Alors que la ruralité concentre un tiers de la population nationale, les communes rurales ne représentaient en 2022 que "11% des mis en cause pour trafic et 14% des mis en cause pour usage enregistrés par la police et la gendarmerie nationales", selon une note du SSMSI publiée en juillet 2023 (voir notre article du 19 juillet 2023). Et pour Yves Asseline, le sujet est de plus en plus inquiétant mais ne constitue pas la "priorité numéro 1" de son action, qui est l'éducation, devant le logement, la simplification des normes, le retour de l'autorité et la formation des maires et ensuite les narcotrafics.
Des maires exposés
Les élus n'aspirent pas à plus de prérogatives. "La lutte contre les trafics est le job de l'Etat", a martelé Denis Mottier. Mais les maires ruraux, compétents sur la prévention, sont plus dépourvus que leurs homologues des zones urbaines. Souvent sans les moyens de se doter d'une police municipale, ils se retrouvent en première ligne.
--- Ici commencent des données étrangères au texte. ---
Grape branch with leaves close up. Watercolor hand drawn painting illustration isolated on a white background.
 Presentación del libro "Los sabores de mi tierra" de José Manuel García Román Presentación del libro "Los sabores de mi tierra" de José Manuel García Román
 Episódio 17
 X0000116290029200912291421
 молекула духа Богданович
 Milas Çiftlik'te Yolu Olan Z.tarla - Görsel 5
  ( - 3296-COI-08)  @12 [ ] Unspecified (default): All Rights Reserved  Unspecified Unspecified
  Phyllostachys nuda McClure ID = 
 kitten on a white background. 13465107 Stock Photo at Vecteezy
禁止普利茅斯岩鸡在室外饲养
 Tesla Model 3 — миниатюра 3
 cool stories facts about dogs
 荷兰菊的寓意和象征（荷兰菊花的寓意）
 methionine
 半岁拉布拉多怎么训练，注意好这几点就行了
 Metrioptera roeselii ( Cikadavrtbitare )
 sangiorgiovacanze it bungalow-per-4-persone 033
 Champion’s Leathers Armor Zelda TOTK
Pour Michel Fournier, la question s'inscrit dans un contexte plus large d'évolution de la fonction de maire au fil des ans. "On est confrontés à une obligation de présence", à devoir traiter les "urgences du quotidien". "On est limité (…) Mais on essaie de faire en sorte de régler ce qu'on peut régler à notre niveau", a-t-il développé parlant de "signe d'impuissance", même s'il témoigne de "très bons rapports avec la gendarmerie".
Selon Denis Mottier, "la communication montante [des élus vers la gendarmerie] se passe très bien". Mais la "communication descendante" est plus compliquée car "vous entrez dans le judiciaire". "Le cadre d'échange d'information à portée confidentielle n'est pas suffisamment protecteur", a-t-il reconnu.
"Souvent, on s'aperçoit que quand on donne une information [à la gendarmerie] elle est déjà connue, on se retrouve Gros-Jean comme devant", a déploré Michel Fournier. "Il faudrait encore améliorer cet aspect-là, ça renforce un mal être de l'élu local." Sentiment partagé par Yves Asseline même s'il atteste de très bonnes relations avec la gendarmerie. Seulement les gendarmes laissent parfois opérer certains dealers pour viser plus haut. "Ils préfèrent couper l'artère plutôt que les petites veines, mais cela crée de l'incompréhension" dans la population, souligne-t-il. Parfois les élus, sont amenés à prendre les devants et s'exposent dangereusement. C'est arrivé au maire de Sénas (Bouches-du-Rhône) qui, comme l'a rappelé Hervé Chérubini, avait retrouvé sa voiture incendiée en 2021 pour s'être intéressé d'un peu trop près aux activités de narcotrafiquants…
Les élus ont par ailleurs déploré les manques de moyens dévolus à la médecine scolaire, en première ligne dans la prévention au collège, "l'âge de la bascule", selon Hervé Chérubini. Indiquant que son association n'avait pas de groupe dédié au narcotrafic, Michel Fournier a reconnu un manque. Mais il a souligné le besoin de mieux évaluer le problème. "Malgré le travail régulier avec la gendarmerie, on a l'impression que cela reste diffus (...) Si on y réfléchissait chacun à l'échelle de son village, on serait surpris de constater que tout village est concerné."